The riot that took place on July 18, 1964 was inspired by a tragic event that had taken place only two days before. It was a hot summer day in the predominantly white neighborhood around East 70th Street, when a superintendent of one of the buildings pointed his hose in the direction of a few misbehaving African-American teenagers. The young boys were loitering around the same building that the superintendent was working. After refusing to move away from the area, one of the boys, fifteen year old James Powell chased the superintendent into the apartment. An officer who was patrolling nearby overheard the ruckus that they were making and approached the scene. The officer was in fact an NYPD Lieutenant by the name of Thomas Gilligan, who was also 16 year war veteran. Soon, James Powell and Thomas Gilligan came into a direct confrontation. James Powell who was wielding a knife attacked Gilligan, slashing him on the forearm. At this point Thomas fired his revolver, killing the teenager.


After the incident many in the black community of Harlem, were seething with anger and outrage at the murder of a young boy. They wondered how Thomas Gilligan, a lieutenant and veteran could not resolve the conflict without killing Powell.
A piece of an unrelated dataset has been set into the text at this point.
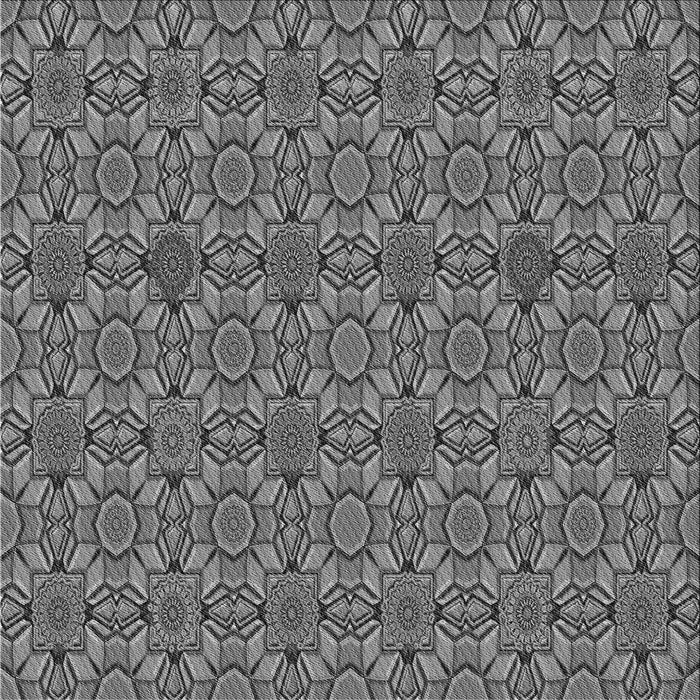 Round Patterned Black Rug, pat3690gry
After two days of uneasiness and mourning, on the night of James Powell's funeral, a crowd of angry people gathered around Reverend Nelson Duke. He enticed them with his speech to march to the police precinct and demand justice for the crime committed. The precinct was located on West 123rd Street in the center of Harlem. As the crowd arrived in front of the building they faced a police force that was already stationed there. The senior officer tried to pacify the crowd explaining that the event was being investigated by the district attorney. However, they were not satisfied with this answer and did not disburse. Some rioters on the roof top began to throw bottles and bricks at the police below. The Tactical Patrol Force was ordered to disperse them, and with their batons in hand they lunged towards the crowd. At one point the officers fired 2000 gun shots into the air to disperse the crowd. However, this further enraged the rioters and mobs that were fighting the police. Some of the rioters threw Molotov cocktails at them.
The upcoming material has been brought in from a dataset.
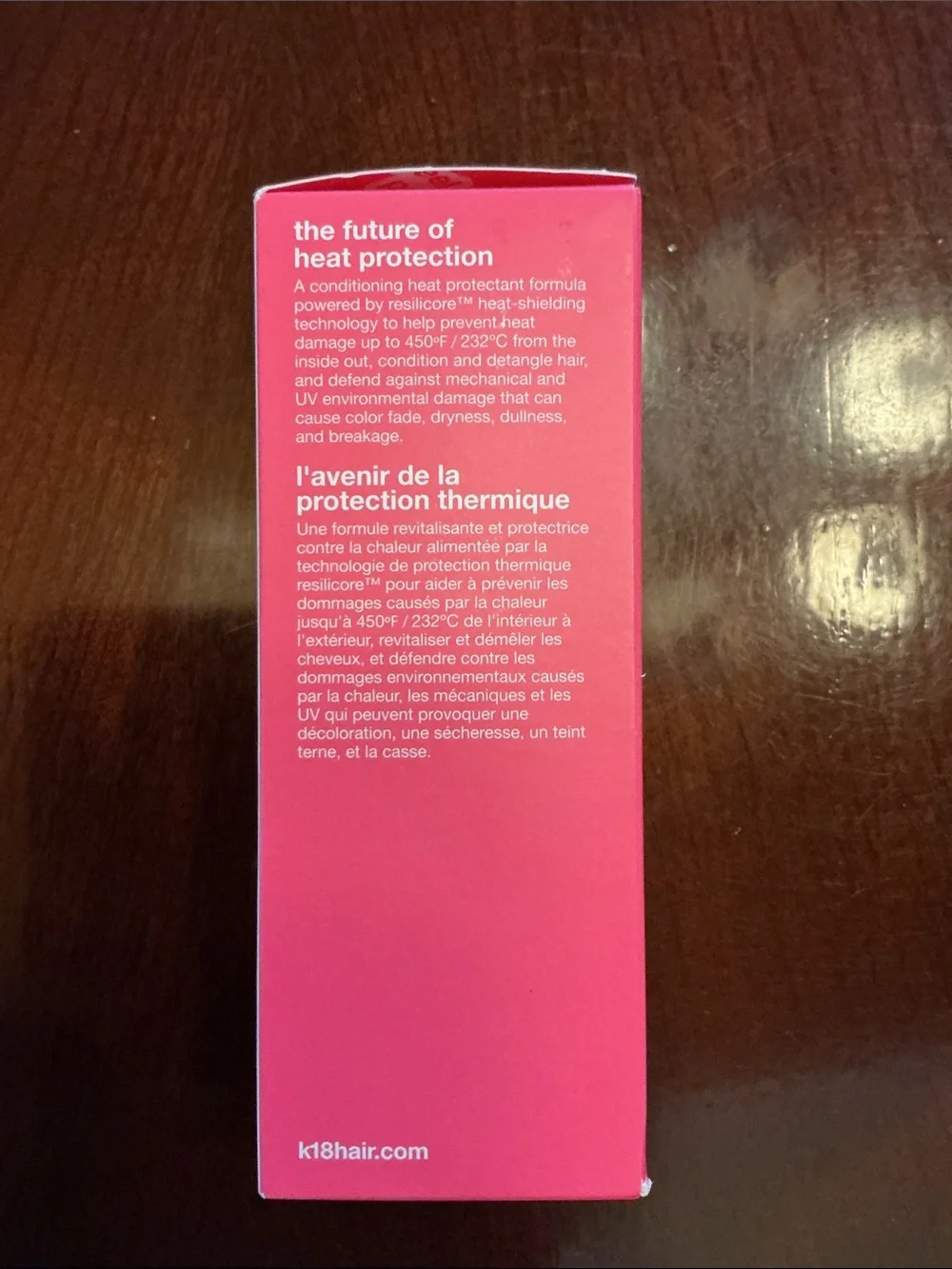 HeatBounce Conditioning Heat Protectant — White with Pink Accents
The riot, which lasted 6 days after the initial confrontation, was violent and bloody. Each day police officers, having lost patience and restraint, began firing their guns without warning at rioters. On July 22, in a second major confrontation throughout the six day rampage, over 1000 rioters clashed against a highly trained Tactical Patrol Force. Only one person died in the violence that took place, but many were injured. Throughout his trial, Thomas Gilligan maintained that Powell was wielding a knife. The district attorney ruled that he was not guilty and all charges against Gilligan were dropped. With extreme poverty and discrimination fueling their anger, the 1964 race riot was just one among many that would take place in the coming decades in American cities.